分かり難いかもしれませんが、例えば60歳未満の父からの贈与で、一旦、住宅取得資金から相続時精算課税を選択すると、選択した年以降の、父からの贈与は全て相続時精算課税となります。つまり、父からの贈与が住宅取得資金以外でも強制的に相続時精算課税が適用されることになります。
ただ、特別控除枠は、住宅取得資金とそれ以外を合計して、同じ2500万円です。
混同しがちですが、同じような制度で、住宅取得資金贈与の非課税特例があります。相続税の計算で持ち戻しがない制度です。
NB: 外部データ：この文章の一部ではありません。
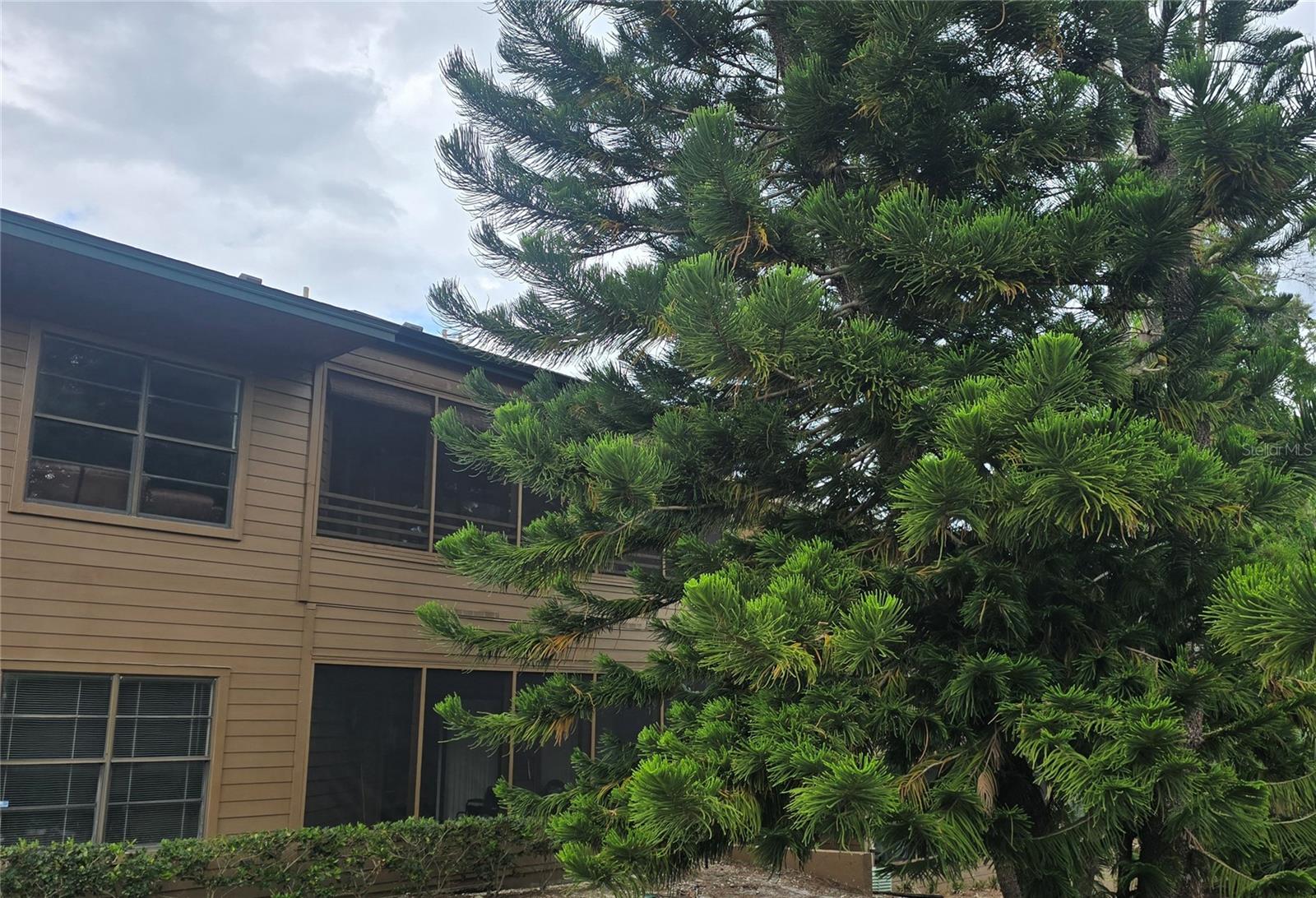 406 LENNOX RD W, PALM HARBOR, FL
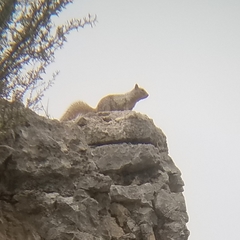 Otospermophilus variegatus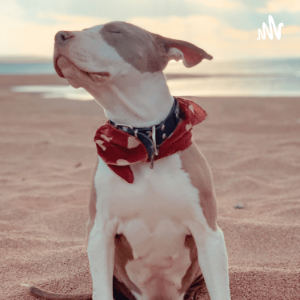 Mi Perro Mi Companero-logo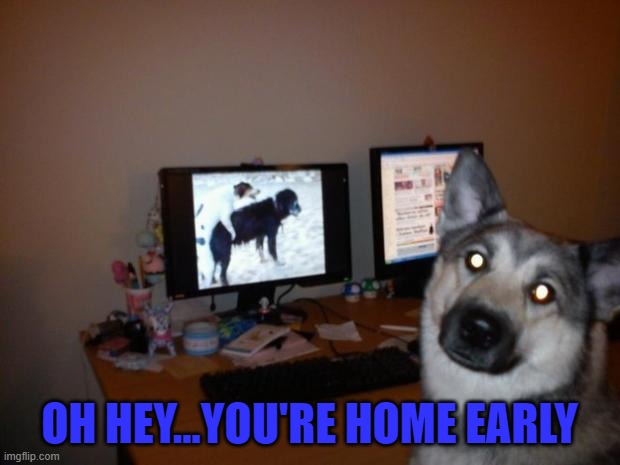 Busted!!! | OH HEY...YOU'RE HOME EARLY | image tagged in dogs,memes,animals | made w/ Imgflip meme maker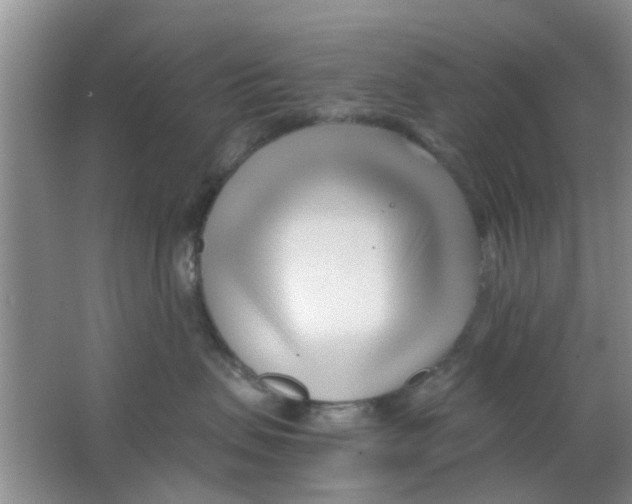 X0000063520479200602101956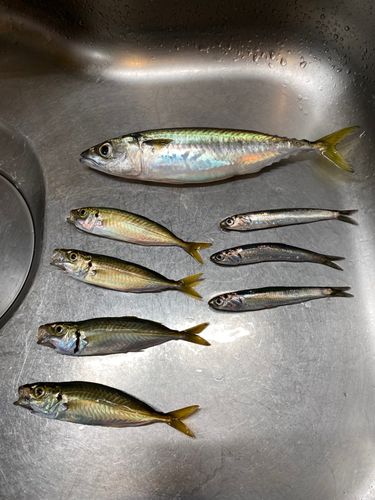 サバの釣果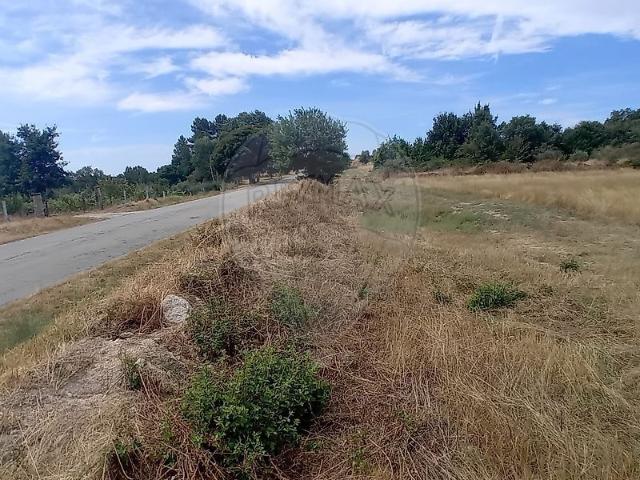 Terreno à venda em Penamacor, Penamacor RE/MAX Portugal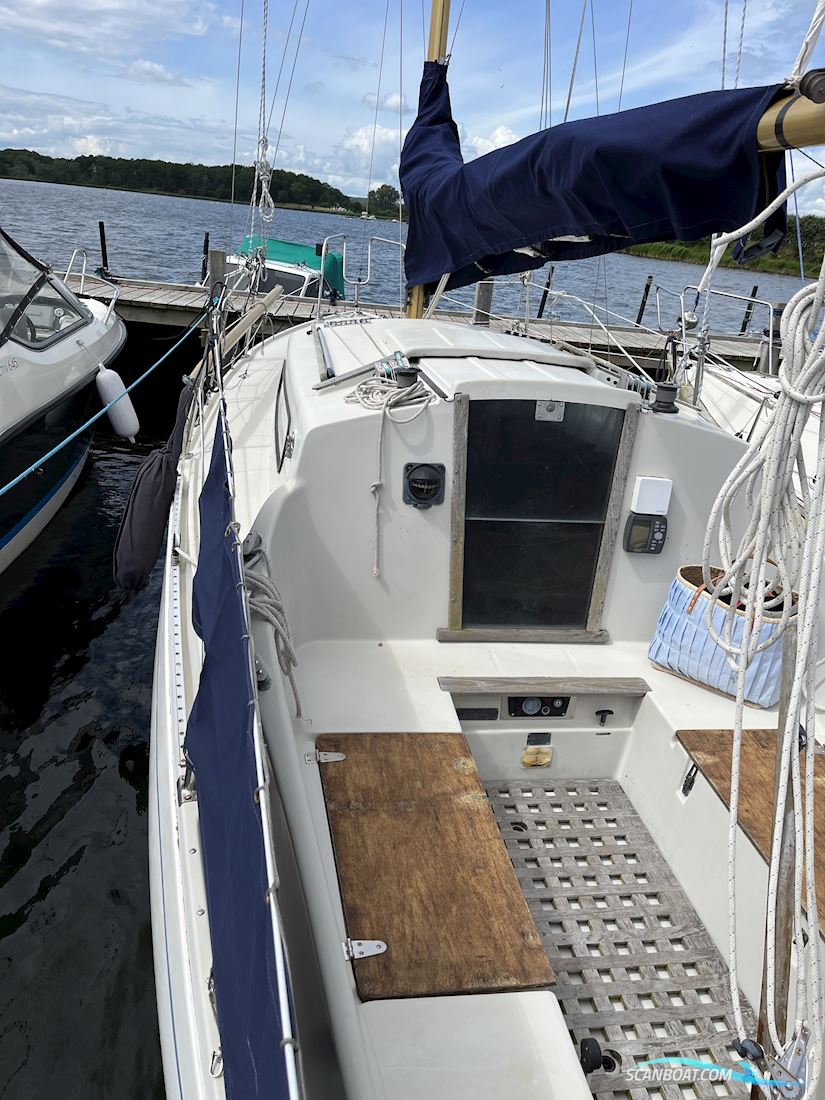 Albin Vega Sailingboat 1974, with Yanmar engine, Denmark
今日お話ししているのは、相続時精算課税制度の住宅取得資金贈与なので、相続税の計算では住宅取得資金でも持ち戻しとなってきます。
それでは、次は変遷についてお願いします。
相続時精算課税制度が創設されてからの大きな改正点をお願いします。
相続時精算課税制度が施行されたのは、平成15年分の贈与からです。現在と比べて違う点は、贈与者の年齢制限が65歳以上であること、受贈者に孫が含まれないこと、ただし、代襲相続人である孫や養子である孫は受贈者に含まれます。
現行法と同じで、一定の要件を満たす住宅取得資金贈与であれば、65歳未満であっても相続時精算課税を選択することができます。贈与財産が住宅取得資金の場合、住宅取得特別控除枠1000万円が2500万円とは別にありました。なので、最大特別控除を3500万円使うことができたんです。
特別控除が3500万円あったんですね。それはいつ頃までだったのでしょうか。
住宅取得特別控除1000万円を上乗せすることができたのは、平成21年12月31日までの贈与です。平成22年1月1日からの贈与は、現行法と同じ2500万円となっています。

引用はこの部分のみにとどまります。